1

String in question:

ipAddressString = "192.192.10.5/24"

I'm trying to match 192.192 in the above string.

a) The below code gives error, I don't understand why \1 is not matching the second 192:

>>> print re.search('(\d{1,3})\.\1',ipAddressString).group()
Traceback (most recent call last):
  File "<stdin>", line 1, in <module>
AttributeError: 'NoneType' object has no attribute 'group'

I was expecting the output to be : 192.192

b) Whereas, when I use the below regex, it matches 192.192 as expected, as per my understanding the above regex mentioned in point a) should have yielded the same ".group()" output as below regex

>>> print re.search('(\d{1,3})\.(\d{1,3})',ipAddressString).group()
192.192
Zizou
  • 67
  • 5
  • 2
    Try using a raw string `print (re.search(r'(\d{1,3})\.\1',ipAddressString))` https://ideone.com/TSCCkW – The fourth bird Jul 24 '19 at 15:50
  • 1
    `\1` in `'(\d{1,3})\.\1'` is a char with octal number 1, a SOH (*Start Of Heading*) char. `r'\1'` is a backreference, a combination of ``\`` and `1` chars. – Wiktor Stribiżew Jul 24 '19 at 15:51
  • Plus one simply for teaching me about the existence of group backreferences. – MonkeyZeus Jul 24 '19 at 15:53
  • Possible duplicate of [Handling backreferences to capturing groups in re.sub replacement pattern](https://stackoverflow.com/questions/8157267/handling-backreferences-to-capturing-groups-in-re-sub-replacement-pattern) – mx0 Jul 24 '19 at 17:05
  • @mx0 - What's the title of that link ? Is it _Backreferences in string Parsing_ ? If its _not_ then it is not a duplicate. –  Jul 24 '19 at 18:05

1 Answers1

2

List of escape sequences available in Python 3

Those are the escapes interpolated when parsing a string in Python.
All other escaped items are ignored.

So, if you give it a string like '(\d{1,3})\.\1'
it interpolates the \1 as a character with an octal value of 1.

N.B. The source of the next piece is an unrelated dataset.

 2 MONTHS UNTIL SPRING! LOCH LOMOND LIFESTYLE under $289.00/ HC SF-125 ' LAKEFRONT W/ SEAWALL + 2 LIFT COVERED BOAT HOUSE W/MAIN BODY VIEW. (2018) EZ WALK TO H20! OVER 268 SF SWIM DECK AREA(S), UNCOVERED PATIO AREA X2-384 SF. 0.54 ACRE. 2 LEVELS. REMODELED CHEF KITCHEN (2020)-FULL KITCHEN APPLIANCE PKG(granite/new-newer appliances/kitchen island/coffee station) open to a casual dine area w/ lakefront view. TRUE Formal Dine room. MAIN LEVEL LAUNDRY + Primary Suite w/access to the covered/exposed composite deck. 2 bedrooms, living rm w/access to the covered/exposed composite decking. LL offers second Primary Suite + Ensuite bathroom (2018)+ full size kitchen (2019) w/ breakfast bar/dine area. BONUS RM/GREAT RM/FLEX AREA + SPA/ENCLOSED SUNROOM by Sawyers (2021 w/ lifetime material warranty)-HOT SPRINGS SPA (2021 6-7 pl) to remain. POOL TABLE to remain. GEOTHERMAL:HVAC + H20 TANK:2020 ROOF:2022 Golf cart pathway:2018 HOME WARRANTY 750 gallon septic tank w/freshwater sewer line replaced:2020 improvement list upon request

\ooo Character with octal value ooo

So this is what you get

>>> import re
>>> ipAddressString = "192.192.10.5/24"
>>> hh = re.search('(\d{1,3})\.\1',ipAddressString)
>>> print (hh)
None
>>> print ('(\d{1,3})\.\1')
(\d{1,3})\.☺

The regex engine sees this (\d{1,3})\.☺ which is not an error
but it doesn't match what you want.

Ways around this:

  • Escape the escape on the octal
    '(\d{1,3})\.\\1'
  • Make the string a raw string with syntax
    either a raw double r"(\d{1,3})\.\1" or a raw single r'(\d{1,3})\.\1'

Using the first method we get: 

>>> import re
>>> ipAddressString = "192.192.10.5/24"
>>> hh = re.search('(\d{1,3})\.\\1',ipAddressString)
>>> print (hh)
<re.Match object; span=(0, 7), match='192.192'>
>>> print ('(\d{1,3})\.\\1')
(\d{1,3})\.\1

Just a side note, most regex engines also recognize octal sequences. But to differentiate an octal from a back reference it usually requires a leading \0then a 2 or 3 digit octal \0000-\0377 for example, but sometimes it doesn't and will accept both.

Thus, there is a gray area of overlap.

Some engines will mark the back reference (example \2) when it finds
an ambiguity, then when finished parsing the regex, revisit the item
and mark it as a back reference if the group exists, or an octal
if it doesn't. Perl is famous for this.

In general, each engine handles the issue of octal vs back reference
in it's own bizarre way. Its always a gotcha waiting to happen.